Mumbai: Deepstory has launched as India’s newest UI/UX-led short-video platform, designed to deliver a calmer, more intentional content experience. Born in India and built for global audiences, the platform introduces a topic-first structure that reduces emotional volatility and offers users a focused way to explore ideas and creators.
Deepstory’s interface is built on a simple behavioural flow: swiping left reveals more videos on the same topic, while swiping up introduces a new one. This system shifts the viewing experience from fragmented, mood-shifting content to a more grounded, structured and human-centred journey.
The product’s development began in 2021 with early-stage prototypes and continued through 2022 with formal company formation and R&D. Deepstory launched its beta in November 2024, seeing strong traction until early 2025. When retention dipped due to limitations in the early left-swipe algorithm, the company rebuilt its recommendation engine from the ground up, adopting vector intelligence and external trend signals. Though this reset temporarily reduced user numbers, it significantly improved follow-up video accuracy—now enabling the platform to scale.

Founder and CEO Raj Aryan Das says Deepstory was designed to counter the emotional turbulence of modern short-video ecosystems. “Short-video apps today throw people from comedy to politics to heartbreak in seconds — it creates emotional whiplash. Deepstory fixes that. A left swipe shows you different creators talking about the same topic from different angles, so you can stay with what interests you instead of being dragged around by randomness. We built Deepstory to make scrolling calmer, intentional, and built for understanding.”
For creators, Deepstory introduces a discovery system anchored in equal access. Each left swipe opens a content slot any creator can win based solely on topic fit, rather than follower count. This approach allows emerging creators to appear alongside established names whenever their content is most relevant. The platform is also developing a creator-first monetisation model, including low-fee tools, brand-collaboration pathways and the upcoming Motion Image format, which adds cinematic movement to still photographs.

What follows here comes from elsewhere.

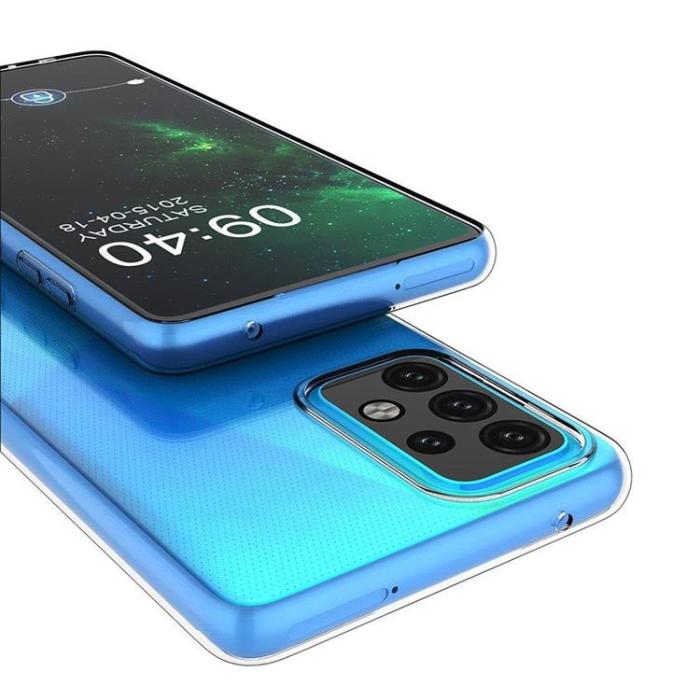 OEM - Ultra Clear Gel Skal Honor 50 Pro - Transparent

On the advertising front, Deepstory is building a pull-based approach that uses intent signals from left swipes to place brand stories inside topic loops where user attention is already concentrated. With contextual advertising projected to grow sharply over the next five years, Deepstory’s topic-led model positions it strongly to capture this shift.
Co-founder and MD Satyabrata Das brings four decades of media expertise to the venture, having held senior roles at ETV, ZEE5, Zee Digital, Mediakeys France and currently Laqshya Media Group. “I believe the timing is perfect. People do not dislike short videos. They dislike the chaos around them. Deepstory brings structure and a sense of mental space. It also gives creators a true level playing field because relevance decides who appears next. For brands, it becomes easier to tell stories when the user’s mind is already on the topic,” said Das.
Deepstory’s early technology investments in sideways storytelling are now being validated globally, as major platforms—including Meta—experiment with linked-post formats. Deepstory’s system differs fundamentally: the left swipe expands a topic to all creators instead of locking users into one creator’s sequence, ensuring open, competitive discovery.
The platform’s vector-intelligence engine maps videos into a dense topic space using metadata, sound, narrative cues and visual elements. Each left swipe triggers a search for high-fit videos based on meaning and mood, while up swipes shift users to fresh themes. This is part of a long-term UX roadmap that will introduce deeper topic-based discovery layers.
Early usage indicators are promising. Nearly 19.7 percent of all homescreen actions are left swipes, suggesting a strong preference for topic-first exploration. Deepstory records a 17.8 percent view-through rate, signalling deliberate rather than passive viewing. Categories like music edits, film edits, informational content, motivational videos and Formula One edits are emerging as top performers.